### [Required work]
Each record below needs to be reproduced precisely, though not its pictures.

### [Exercise input]
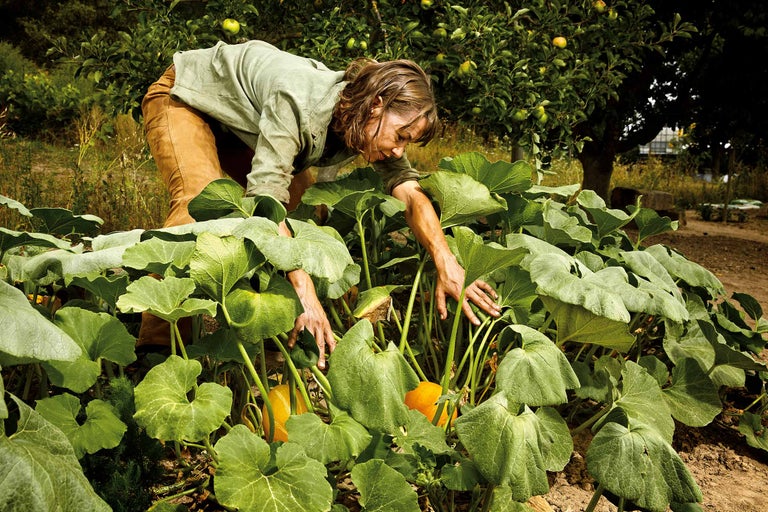 Femeie culegând dovleci în grădina de legume de sub un măr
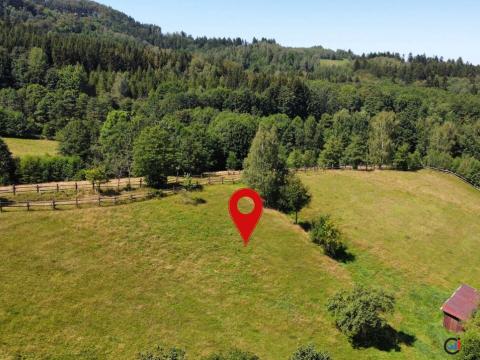 Prodej pozemku pro bydlení, Olešnice v Orlických horách, 4823 m2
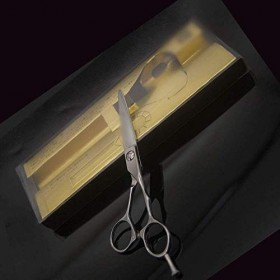 GaoF Ciseaux de Coiffure Professionnels de 6 Pouces pour coiffeurs, Ciseaux Plats antidérapants de Haute qualité, résistants 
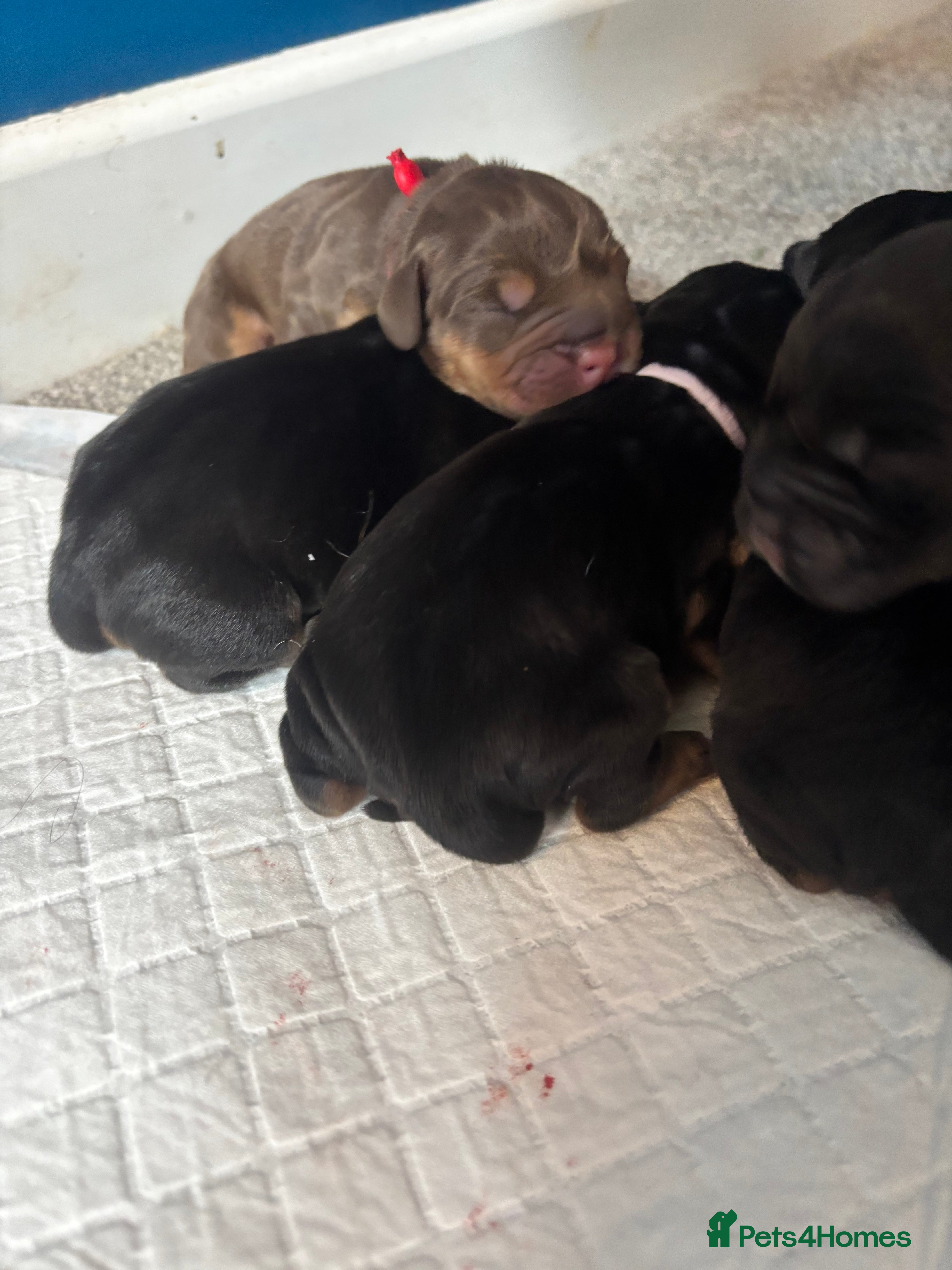 Mixed Breed dogs Cockerbull puppies born 16th March  - Advert 1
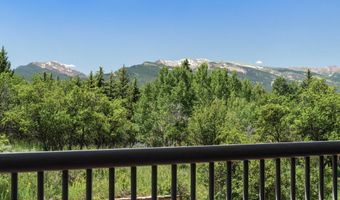 623 Johnson Dr, Aspen, CO 81611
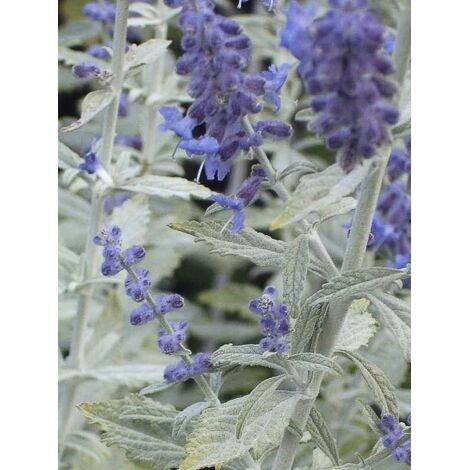Sauge d'Afghanistan 'Silvery Blue' Pot de 1,5L/2L (1/2)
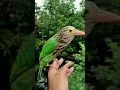 Download Lagu Suara lantang burung takur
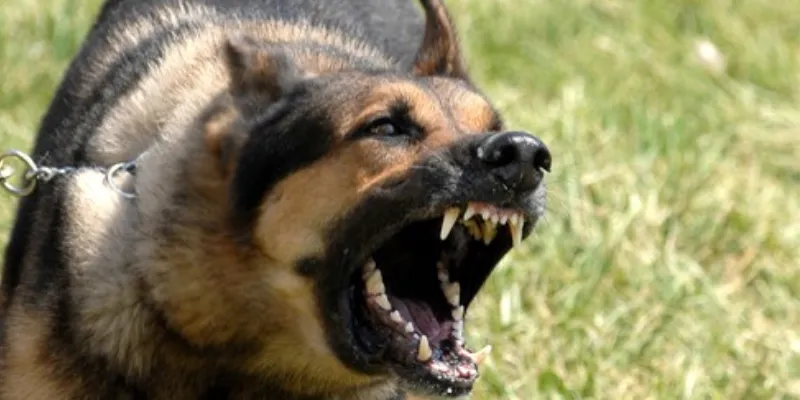 Một vài cách để chọn số đề dựa trên giấc mơ thấy chó cắn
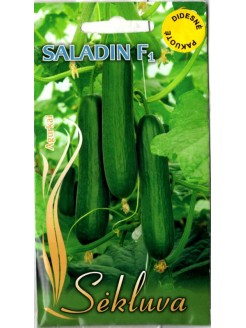 Ogórek 'Saladin' H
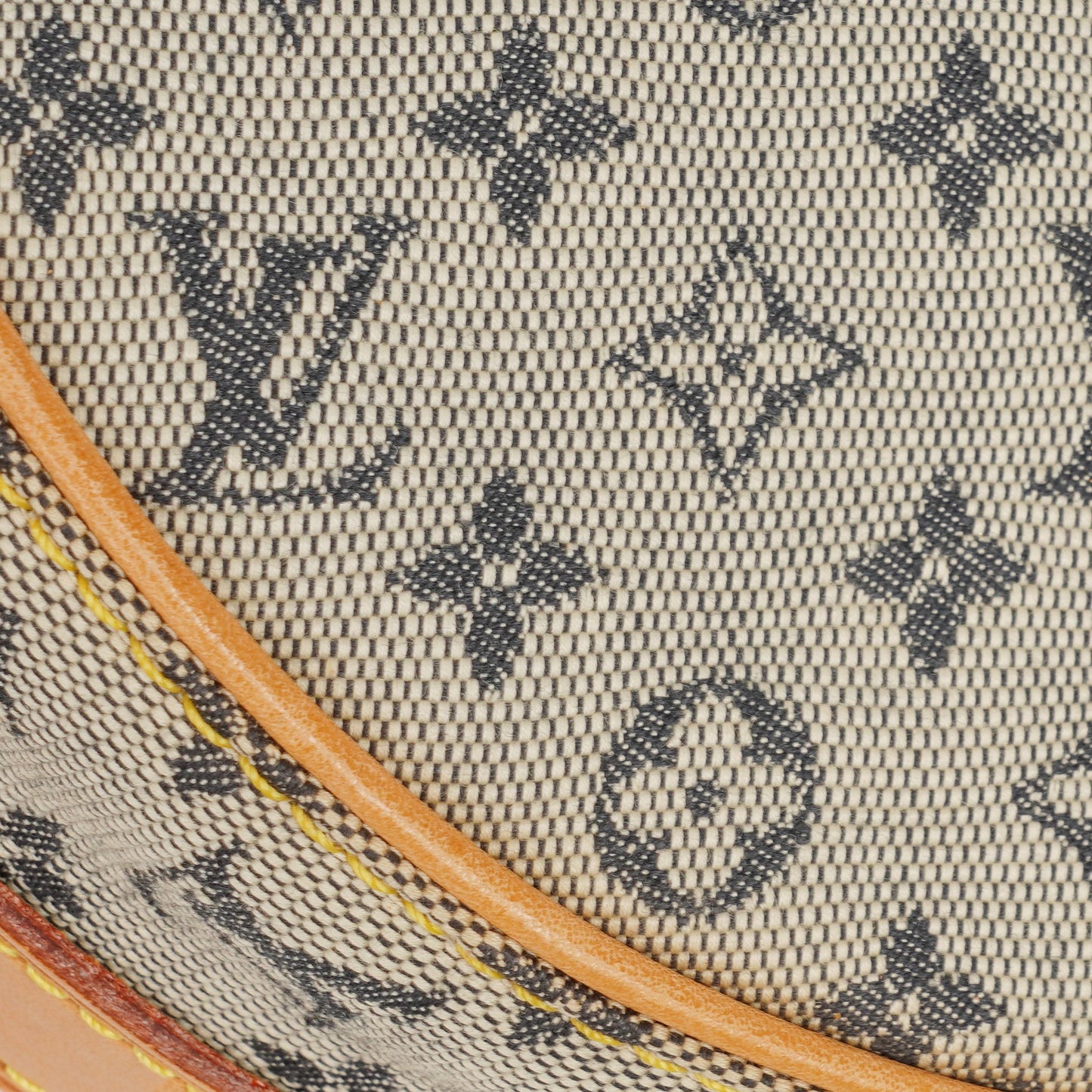 Louis Vuitton Mini Lin Jeanne GM Shoulder Bag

### [Result]
 Femeie culegând dovleci în grădina de legume de sub un măr
 Prodej pozemku pro bydlení, Olešnice v Orlických horách, 4823 m2
 GaoF Ciseaux de Coiffure Professionnels de 6 Pouces pour coiffeurs, Ciseaux Plats antidérapants de Haute qualité, résistants 
 Mixed Breed dogs Cockerbull puppies born 16th March  - Advert 1
 623 Johnson Dr, Aspen, CO 81611
Sauge d'Afghanistan 'Silvery Blue' Pot de 1,5L/2L (1/2)
 Download Lagu Suara lantang burung takur
 Một vài cách để chọn số đề dựa trên giấc mơ thấy chó cắn
 Ogórek 'Saladin' H
 Louis Vuitton Mini Lin Jeanne GM Shoulder Bag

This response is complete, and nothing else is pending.